START ENTRIES SHOWN
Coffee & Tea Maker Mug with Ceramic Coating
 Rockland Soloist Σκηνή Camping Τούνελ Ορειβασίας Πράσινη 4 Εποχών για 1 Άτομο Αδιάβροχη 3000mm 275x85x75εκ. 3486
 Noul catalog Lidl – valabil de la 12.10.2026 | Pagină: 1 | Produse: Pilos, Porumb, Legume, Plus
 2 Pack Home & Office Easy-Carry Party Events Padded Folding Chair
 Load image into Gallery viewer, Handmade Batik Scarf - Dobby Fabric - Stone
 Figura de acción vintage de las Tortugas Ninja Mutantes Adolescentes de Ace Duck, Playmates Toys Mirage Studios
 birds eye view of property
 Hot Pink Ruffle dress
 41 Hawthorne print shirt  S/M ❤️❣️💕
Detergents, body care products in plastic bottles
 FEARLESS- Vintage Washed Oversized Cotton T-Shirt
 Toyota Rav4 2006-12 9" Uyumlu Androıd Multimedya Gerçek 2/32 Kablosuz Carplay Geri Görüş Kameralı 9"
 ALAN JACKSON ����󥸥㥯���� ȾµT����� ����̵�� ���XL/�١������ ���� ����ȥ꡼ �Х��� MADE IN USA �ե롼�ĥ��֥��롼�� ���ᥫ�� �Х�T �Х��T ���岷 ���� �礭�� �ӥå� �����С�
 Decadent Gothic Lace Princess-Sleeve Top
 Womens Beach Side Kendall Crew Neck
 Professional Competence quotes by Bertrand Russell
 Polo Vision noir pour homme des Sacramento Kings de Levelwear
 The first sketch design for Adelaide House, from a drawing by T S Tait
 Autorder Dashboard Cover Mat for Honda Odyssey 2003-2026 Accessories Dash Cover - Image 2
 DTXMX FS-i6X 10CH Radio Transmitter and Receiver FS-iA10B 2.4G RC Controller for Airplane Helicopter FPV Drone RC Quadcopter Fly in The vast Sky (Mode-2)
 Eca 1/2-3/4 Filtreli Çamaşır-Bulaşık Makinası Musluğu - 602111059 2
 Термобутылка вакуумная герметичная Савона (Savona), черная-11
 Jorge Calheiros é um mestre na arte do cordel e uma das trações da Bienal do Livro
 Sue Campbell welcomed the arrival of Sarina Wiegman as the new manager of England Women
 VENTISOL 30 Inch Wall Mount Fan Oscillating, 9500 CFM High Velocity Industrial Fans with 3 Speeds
END ENTRIES SHOWN
> **TASK DETAILS**
Reproduce exactly, and only, the lines from the start of the entries through the one that contains "FEARLESS- Vintage Washed".

> **ANSWER TO THE EXERCISE**
Coffee & Tea Maker Mug with Ceramic Coating
 Rockland Soloist Σκηνή Camping Τούνελ Ορειβασίας Πράσινη 4 Εποχών για 1 Άτομο Αδιάβροχη 3000mm 275x85x75εκ. 3486
 Noul catalog Lidl – valabil de la 12.10.2026 | Pagină: 1 | Produse: Pilos, Porumb, Legume, Plus
 2 Pack Home & Office Easy-Carry Party Events Padded Folding Chair
 Load image into Gallery viewer, Handmade Batik Scarf - Dobby Fabric - Stone
 Figura de acción vintage de las Tortugas Ninja Mutantes Adolescentes de Ace Duck, Playmates Toys Mirage Studios
 birds eye view of property
 Hot Pink Ruffle dress
 41 Hawthorne print shirt  S/M ❤️❣️💕
Detergents, body care products in plastic bottles
 FEARLESS- Vintage Washed Oversized Cotton T-Shirt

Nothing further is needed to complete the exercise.